When the fuel cell power plant operates in grid-disconnected or “island” mode, load following characteristics are even more desirable, since the external load changes are not compensated by other power plants. The unbalanced condition between the external load change and the fuel cell chemical reaction rate happens more frequently in grid-disconnected mode than in grid-connected mode.

Methods and systems have been created by the industry to address the problems rising from the unbalanced condition between the external load change and the fuel cell chemical reaction rate. Some methods increase the reaction time period so that the fuel cell power plant has enough time to adjust the chemical reaction to match the external load demand, such as described in Published Japanese Patent Application 09-251858 to Nagasawa Makoto. Some fuel cell technologies do not exhibit the unbalanced conditions due to faster reaction times. However, these methods and systems generally increase the complexity and cost of the fuel cell power plant and its management systems.

Methods and systems consistent with certain embodiments are directed to solving one or more of the problems set forth above.

SUMMARY OF THE INVENTION

In one embodiment, a method is performed for controlling a fuel cell power plant system. The process includes controlling a variable load bank capable of absorbing output power from the fuel cell power plant such that the total load on the fuel cell power plant is constant, wherein the total load is a combination of an external load connected to the power plant and a load on the variable load bank. Further, the process may include maintaining a constant chemical reaction rate of the fuel cell power plant while maintaining a constant total load.

In another embodiment, a system is provided for controlling a fuel cell power plant system. The system includes a fuel cell providing electric power and a load bank for dissipating power from the fuel cell. The system may also include an inverter controller for adjusting the load operations of the load bank based on detected changes to an external load receiving power from the fuel cell power plant and a fuel cell controller for maintaining a constant chemical reaction rate of the fuel cell despite load changes to the external load.

BRIEF DESCRIPTION OF THE DRAWINGS

The accompanying drawings, which are incorporated in and constitute a part of this specification, illustrate several aspects of the invention and together with the description, serve to explain the principle of the invention. In the drawings:

FIG. 1 illustrates a block diagram of an exemplary fuel cell power plant system consistent with certain disclosed embodiments;

FIG. 2 illustrates a block diagram of an exemplary inverter controller module consistent with certain disclosed embodiments;

FIG. 3 illustrates a flowchart diagram of an exemplary method to provide load following capabilities consistent with certain disclosed embodiments; and

FIG. 4 illustrates a flowchart diagram of an exemplary method to provide capabilities consistent with certain disclosed embodiments.

DETAILED DESCRIPTION

Reference will now be made in detail to the exemplary aspects of the invention, examples of which are illustrated in the accompanying drawings.

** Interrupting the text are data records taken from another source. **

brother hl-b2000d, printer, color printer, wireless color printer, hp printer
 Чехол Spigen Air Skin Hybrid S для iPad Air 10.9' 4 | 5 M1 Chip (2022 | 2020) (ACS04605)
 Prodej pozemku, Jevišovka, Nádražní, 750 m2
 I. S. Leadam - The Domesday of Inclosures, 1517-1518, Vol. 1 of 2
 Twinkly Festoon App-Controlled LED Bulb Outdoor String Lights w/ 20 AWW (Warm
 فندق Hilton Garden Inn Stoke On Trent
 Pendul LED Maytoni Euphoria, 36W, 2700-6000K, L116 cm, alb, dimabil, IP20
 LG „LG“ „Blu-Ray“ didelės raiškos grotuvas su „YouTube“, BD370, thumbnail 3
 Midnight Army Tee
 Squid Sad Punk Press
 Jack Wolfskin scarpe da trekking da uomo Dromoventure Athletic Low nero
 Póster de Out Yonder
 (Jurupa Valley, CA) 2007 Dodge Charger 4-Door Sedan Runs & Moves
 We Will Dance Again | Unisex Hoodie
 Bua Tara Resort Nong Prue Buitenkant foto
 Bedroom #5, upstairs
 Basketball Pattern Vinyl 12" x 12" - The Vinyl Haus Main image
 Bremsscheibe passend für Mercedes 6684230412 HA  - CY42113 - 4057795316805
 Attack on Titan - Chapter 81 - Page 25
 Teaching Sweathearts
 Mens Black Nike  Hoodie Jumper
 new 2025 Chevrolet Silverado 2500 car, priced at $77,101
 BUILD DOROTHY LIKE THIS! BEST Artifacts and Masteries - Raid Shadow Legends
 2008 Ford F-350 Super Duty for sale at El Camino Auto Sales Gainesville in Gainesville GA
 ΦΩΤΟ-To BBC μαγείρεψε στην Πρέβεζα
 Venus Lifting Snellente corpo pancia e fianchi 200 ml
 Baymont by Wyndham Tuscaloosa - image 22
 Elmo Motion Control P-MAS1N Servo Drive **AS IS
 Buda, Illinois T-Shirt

Wherever possible, the same reference numbers will be used throughout the drawings to refer to the same or like parts.

FIG. 1 illustrates an exemplary fuel cell power plant system 100 consistent with certain disclosed embodiments. As shown in FIG. 1, fuel cell power plant system 100 may include fuel cell 101, DC-DC boost chopper 102, inverter module 103, load bank 104, variable control unit 105, voltage and current sensors 106, fuel cell controller 107, and inverter controller module 200.

Fuel cell 101 generates DC electricity by using fuel cell technology. Fuel cell 101 may include a plurality of fuel cell stacks and associated fuel processing units. The fuel cell stacks in fuel cell 101 may use any type of fuel cell technologies, such as Proton Exchange Membrane Fuel Cell (PEMFC), Alkaline Fuel Cell (AFC), Phosphoric-Acid Fuel Cell (PAFC), Solid Oxide Fuel Cell (SOFC), or Molten Carbonate Fuel Cell (MCFC), etc. The output electricity of fuel cell 101 is provided to DC-DC boost chopper 102 or to inverter module 103. DC-DC boost chopper 102 raises the voltage level of the output electricity to a desirable level under the control of inverter controller 200. The output DC power from DC-DC boost chopper 102 or inverter module 103 is then converted into AC power by the inverter module 103 under the control of inverter controller 200. The converted AC power is then outputted to a utility grid or customer load. Inverter module 103 may be any standard inverter module used in the fuel cell power plant or customized inverter module providing specified control (i.e., configured to perform according to predetermined specifications).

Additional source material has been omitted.